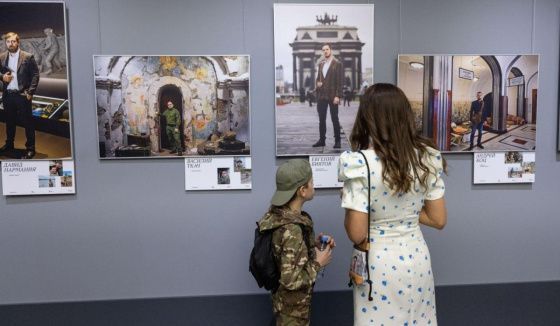 В Музее Победы открылась фотовыставка к 85-летию Совинформбюро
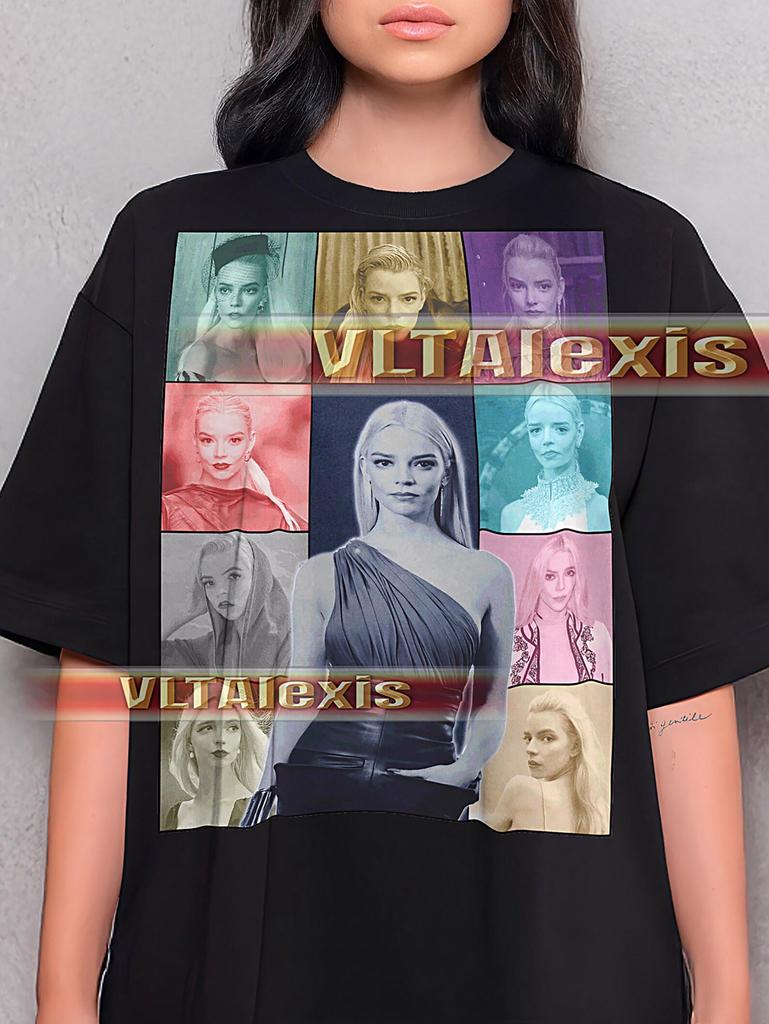 Anya Taylor Joy Bootleg Shirt, Vintage Actress Star Celebrity Performer Tee, 90s Retro Throwback T-shirt, Anya Taylor Joy Sweater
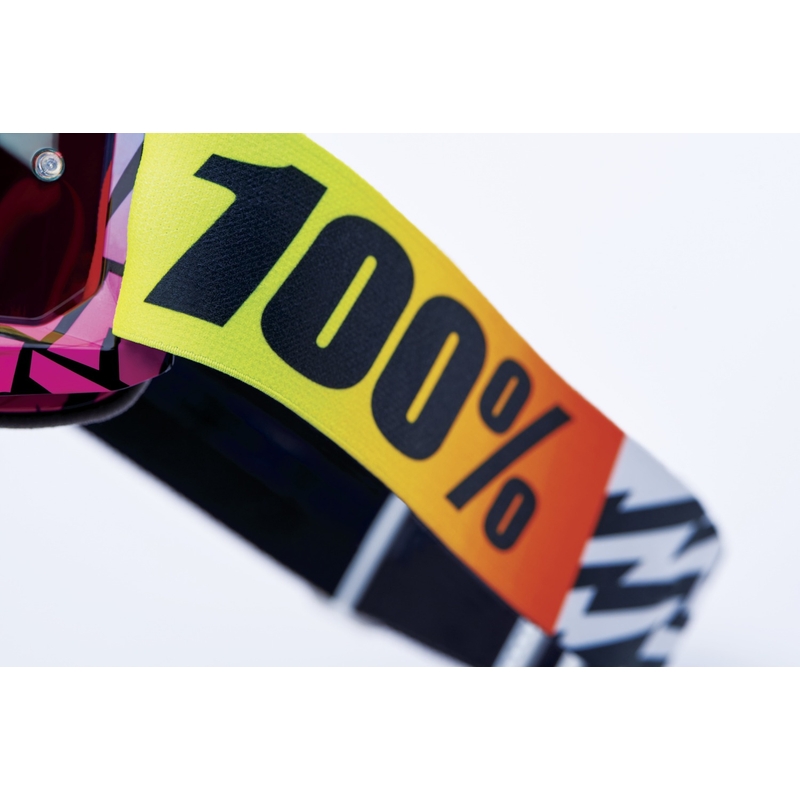 Lunettes de moto-cross 100% ACCURI 2 Special UTV/OTG - édition limitée Ken Block rouge avec plexi chromé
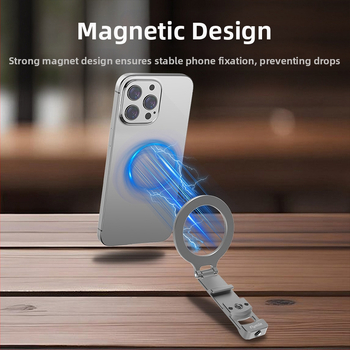 Μαγνητική αναδιπλούμενη βάση για κινητό MagSafe, με 1/4 ιντσών βίδωμα, κράμα αλουμινίου, 48,3 g, MB014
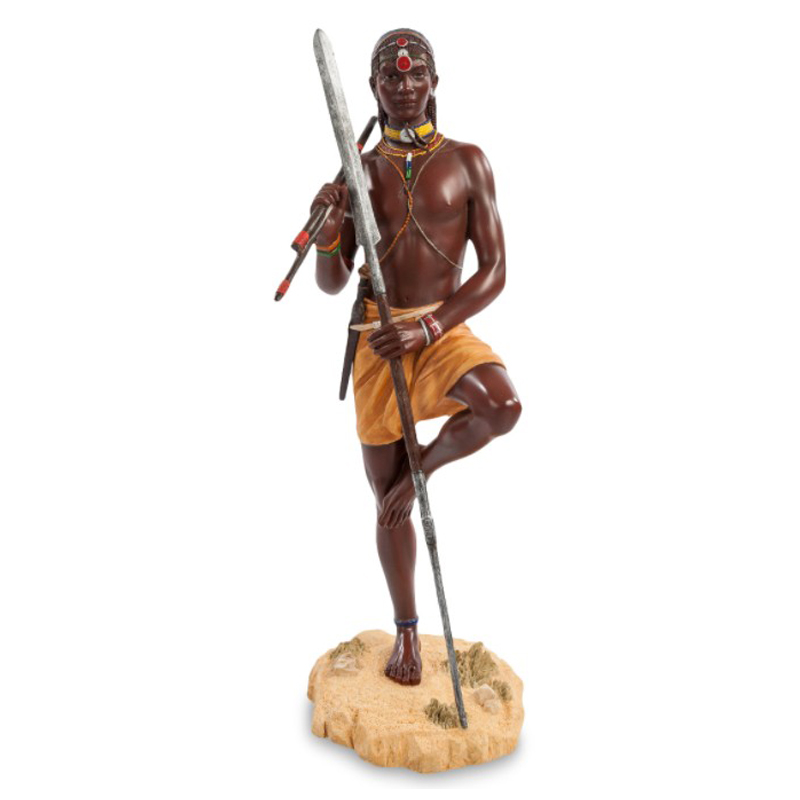 Статуэтка Tribal warrior Masai Коричневый Мульти Статуэтка Tribal warrior Masai Коричневый Мульти в Кирове | Loft Concept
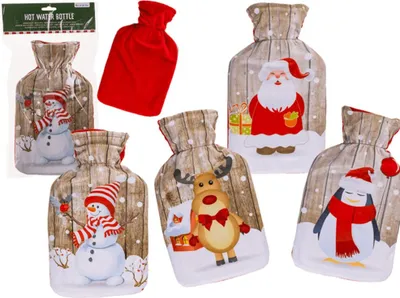 Produktbild von OOTB Wärmflasche Weihnachtsmann Pinguin Schneemann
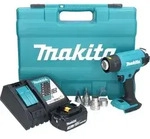 Makita DHG 181 RF1K Akku Hei&szlig;luftgebl&auml;se 18 V 150 - 550&deg;C + 1x Akku 3,0 Ah +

━━━

| WORK ITEM |
No pictures should appear in the copy, and each record above is to be returned exactly.

| THE ANSWER |
 В Музее Победы открылась фотовыставка к 85-летию Совинформбюро
 Anya Taylor Joy Bootleg Shirt, Vintage Actress Star Celebrity Performer Tee, 90s Retro Throwback T-shirt, Anya Taylor Joy Sweater
 Lunettes de moto-cross 100% ACCURI 2 Special UTV/OTG - édition limitée Ken Block rouge avec plexi chromé
 Μαγνητική αναδιπλούμενη βάση για κινητό MagSafe, με 1/4 ιντσών βίδωμα, κράμα αλουμινίου, 48,3 g, MB014
 Статуэтка Tribal warrior Masai Коричневый Мульти Статуэтка Tribal warrior Masai Коричневый Мульти в Кирове | Loft Concept
 Produktbild von OOTB Wärmflasche Weihnachtsmann Pinguin Schneemann
 Makita DHG 181 RF1K Akku Hei&szlig;luftgebl&auml;se 18 V 150 - 550&deg;C + 1x Akku 3,0 Ah +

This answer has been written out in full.